Gore's hopes in a perilous state
Greg Torode in Washington
The presidential hopes of Democrat Al Gore appear in their most perilous state yet since the election nearly three weeks ago.
Vice-President Gore needs two strokes of fortune to revive his chances of overturning the slender lead held by Republican rival George W. Bush since America went to the polls on November 7.
First, Mr Gore needs a swift refusal from the US Supreme Court to consider Mr Bush's demand to bar results from Florida re-counts. Second, he needs to clean up in the counting of an estimated 17,000 disputed 'dimpled' ballots in the Florida counties of Broward and Palm Beach. But, without the Supreme Court action, the second option becomes merely academic.
Mr Gore's problems worsened on Thursday's Thanksgiving Day holiday, when the Florida Supreme Court voted down his demand that vote-counters in Miami-Dade county be forced to keep working. The county stopped operations after its bipartisan canvassing board decided there was no hope of meeting a deadline of Monday to complete all re-counts. The Democratic-stronghold Miami-Dade, along with Broward and Palm Beach, was considered crucial to Mr Gore's chances of winning the all-important Florida race.
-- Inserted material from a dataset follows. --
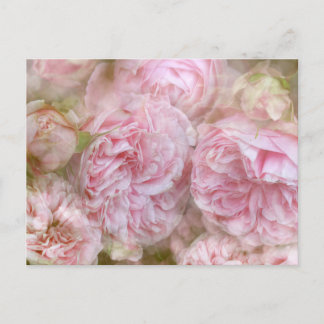 Carte Postale Roses romantiques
The three counties initially offered the hope of re-counts across 1.7 million of the six million ballots cast in Florida. Now, with just the disputed ballots to go, Mr Gore remains 930 votes short. Unofficially, the figure was down to 720 when Broward counters went home for Thanksgiving.
Despite its predicament, the Gore camp seemed determined to strike a defiant tone, insisting that the Vice-President would not be conceding even if Florida's chief election official - Secretary of State and loyal Bush Republican Katherine Harris - certified Mr Bush the winner late tomorrow. More legal action was planned, both to defend the Supreme Court constitutional challenge fully and push for further counts in Miami-Dade.
'I believe that if we have a full and fair accurate count in Broward and Palm Beach counties, those two counties will be enough to put us over the top,' Gore adviser Ron Klain said. 'But to know who is the president, the votes have to be counted and counted the right way. That didn't happen in Dade county, and we're going to make sure it happens.'
Gore lawyer David Boies said yesterday that the Miami-Dade County decision not to count votes by hand would be challenged next week, quoting the Florida Supreme Court as saying: 'If there is a dispute at the local canvassing board, that dispute should be resolved as an election contest after the certification.' He added: 'We will follow the procedures they have laid out.'
The Gore camp has always insisted it can be the only rightful winner in Florida, whose 25 Electoral College votes are needed by both candidates to declare final victory and take power.
Mr Gore's lawyers are demanding the federal Supreme Court - America's highest court - respect state rights by ignoring Mr Bush's 'intemperate and bipartisan' appeal. A Democrat briefing paper filed in the court on Thursday claimed Mr Bush's efforts 'represent a bald attempt to federalise a state law dispute over whether a manual re-count is authorised and appropriate'.
'Intervention by this court in this ongoing process would work a significant intrusion into a matter - this selection of electors - that is both fundamental to state sovereignty and constitutionally reserved to the states,' it added.
Bush lawyers filed final papers with the court yesterday.